Their SAT scores make high school teachers giddy. The best colleges will court them. Corporations will pay them richly. And for the past two weeks, they’ve been at the University working and studying like the driven overachievers that they are.
Thirty-two gifted high school students of color are in the final week of a month-long business institute hosted in part by the Carlson School of Management. The institute, called Leadership, Education and Development, pairs the 16- and 17-year-old students with local companies like 3M, Norwest and General Mills, acquainting them with the ins and outs of a variety of industries.

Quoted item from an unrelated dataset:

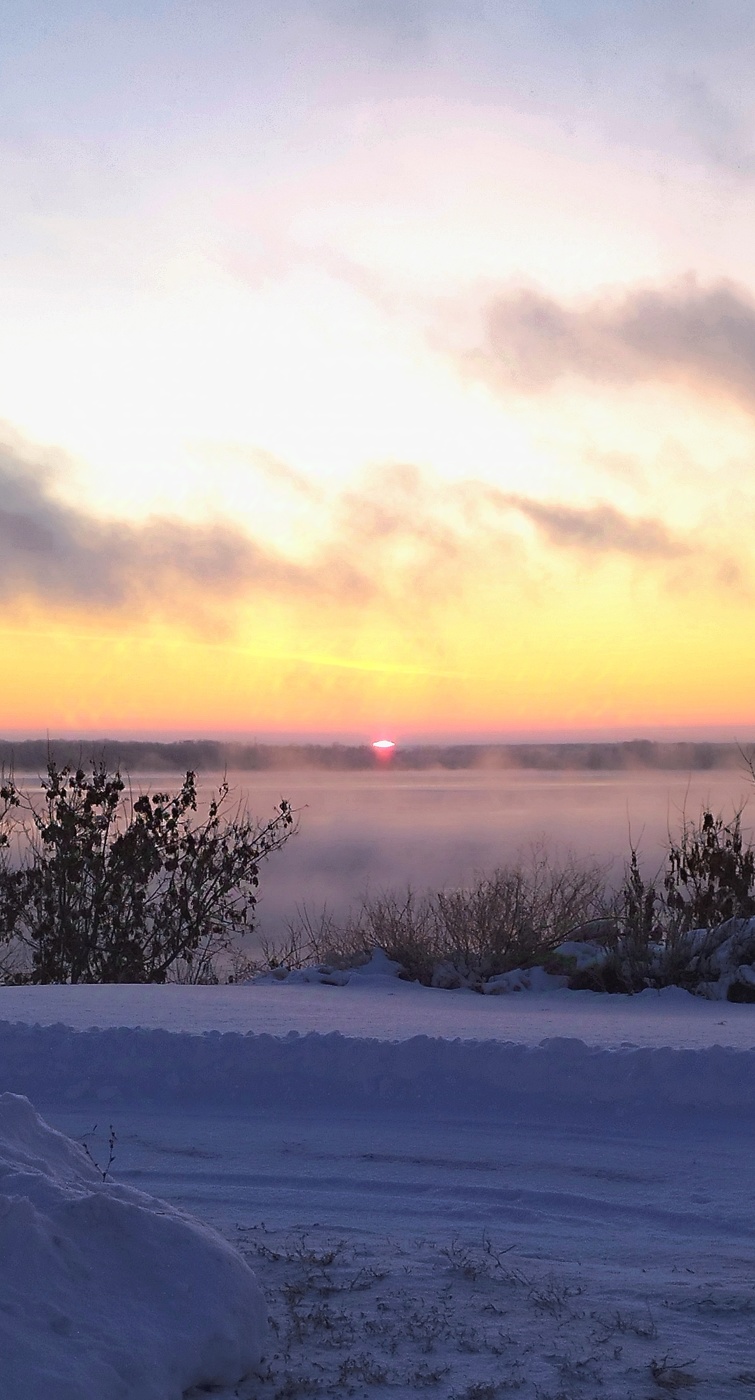 Dämmerung über den Fluss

The University and the companies sponsoring the estimated $100,000 program anticipate that the students will go on to pursue business in their academic and professional careers. With the help of the students, corporations hope to eventually boost the number of minorities working in managerial and executive business positions.

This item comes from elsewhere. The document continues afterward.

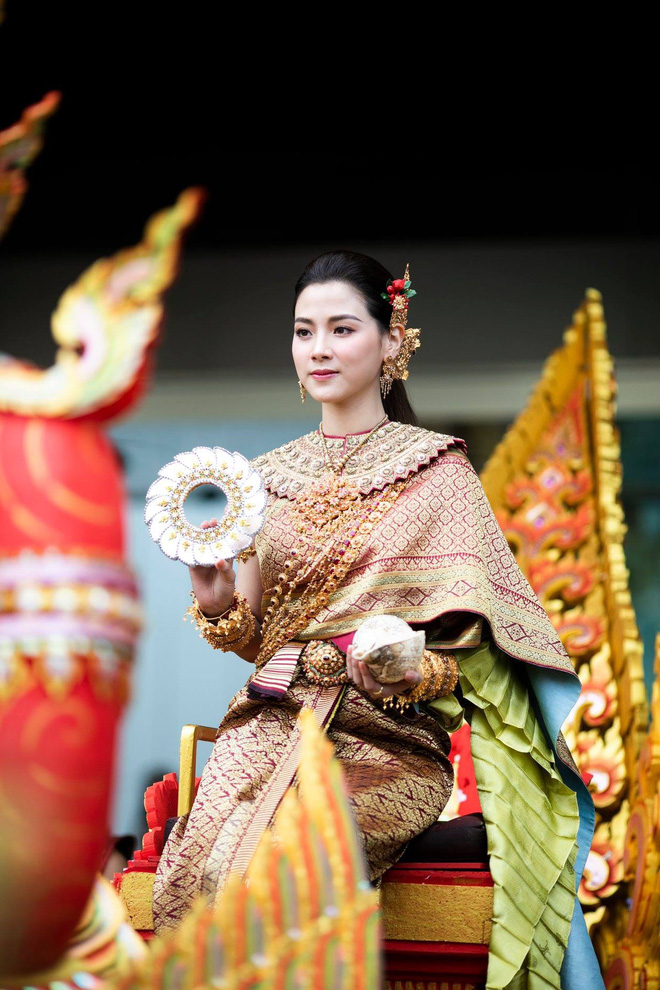 Dân tình náo loạn với nhan sắc cực phẩm của nữ thần Thungsa trong lễ Songkran 2019 tại Thái Lan Dân tình náo loạn với nhan sắc cực phẩm của nữ thần Thungsa trong lễ Songkran 2019 tại Thái Lan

Many of the students are of African-American or Latin American descent and have traveled to the University from across the United States.
“A lot of these kids are rich,” said ReneÇ Gokey, 20, a LEAD program alumna and a counselor for this year’s group. “A lot of these kids go to private schools, but then there are lot of them who don’t. It’s a good mix of kids from all over.”

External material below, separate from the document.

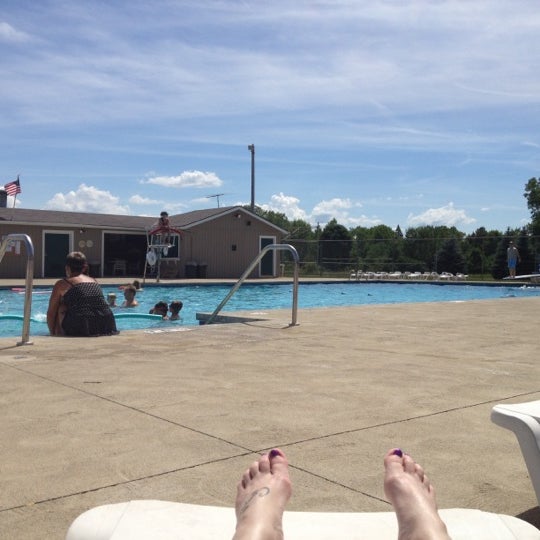 Common pool. Common pool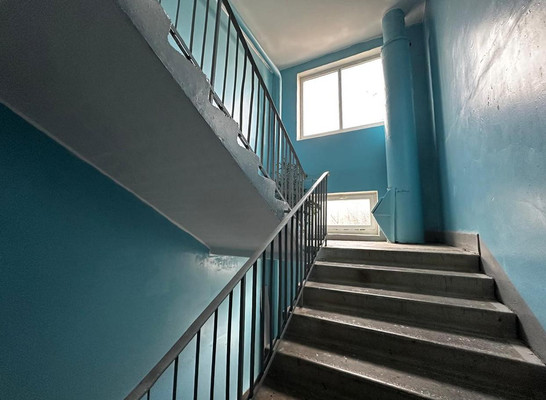 Продам двухкомнатную (2-комн.) квартиру, Победы ул, 17, Чернецкое п/о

Invited primarily because of their PSAT or SAT scores — participants averaged 1,200 points out of a possible 1,600 on the SAT — the students are spending July in a crash-course business boot camp of sorts.
“We start by showing them that this is not a summer camp. You’re here to work and learn,” said Gerald Rinehart, director of undergraduate programs at the management school.
Rinehart kicked off the program with a 12-hour per day consultant training activity at Minneapolis-based Andersen Consulting. With the assistance of consultants, company trainers and a computer-simulated printing plant, the high schoolers learned months worth of problem solving techniques in five days.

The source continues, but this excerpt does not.